The firs column reflects the movie critic and the following columns represent the movie and the respective rating given by the critic. My question is how to transform a
List(MovieCritics(name: String, movieRatings: List[MovieRatings]))
in that view.
Upvotes: 1
Views: 1571
Reputation: 1
ratings.selectExpr("name","explode(movieRatings) as mr").select("name",
"mr.movieName", "mr.rating")
.groupBy("name")
.pivot("movieName")
.agg(first("rating"))
.show(10,false)
Upvotes: 0
Reputation: 74769
how to transform
List(MovieCritics(name: String, movieRatings: List[MovieRatings]))

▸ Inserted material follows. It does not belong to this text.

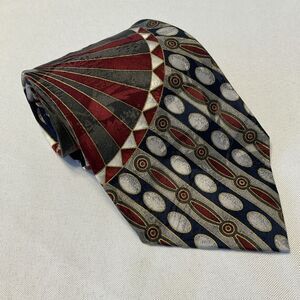 Givenchy Monsieur Mens Necktie 100% Silk Designer Navy Silver Maroon Made In USA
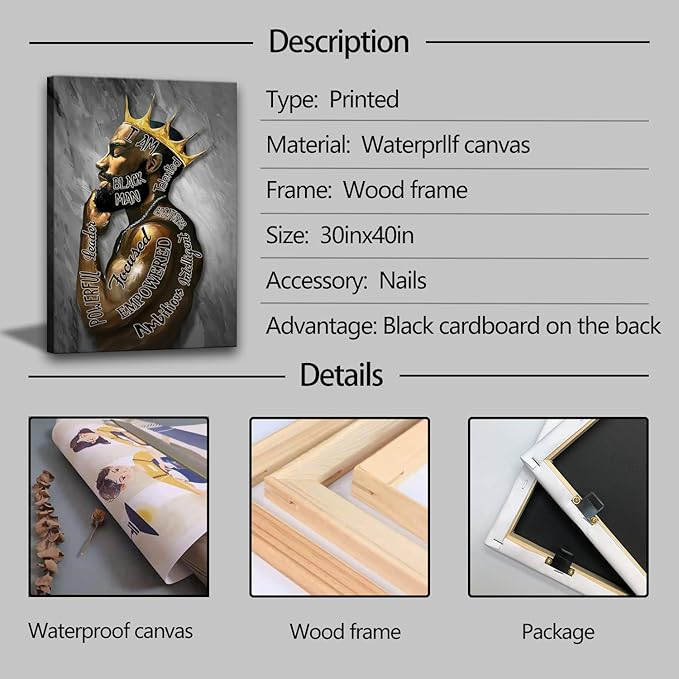 Framed African American Wall Art Man Portrait Wall Art Inspirational Black Man Motivational Quotes Afro King Poster Abstract Canvas Prints Painting Home Decor for Bedroom Living Room Ready to Hang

That's as simple as using toDS
on the List
. That is only available when you have SparkSession
's implicits in scope which is (again) as simple as the following:
val sparkSession = SparkSession.builder.getOrCreate()
import sparkSession.implicits._
If you work with scala.collection.immutable.Iterable[MovieCritics]
or similar collection data structure you have to "map" it using toSeq
or toArray
before toDS
to "escape" from Iterable. Implicits are not available for Iterables.
Given the list is critics
you'd have to do the following:
critics.toDS
Now I want to transform this List in a spark dataFrame to display the data in a more user friendly.
That's the most entertaining part of your question (took me a couple of hours to finally understand and write a solution). I'd appreciate comments to make it prettier.
case class MovieRatings(movieName: String, rating: Double)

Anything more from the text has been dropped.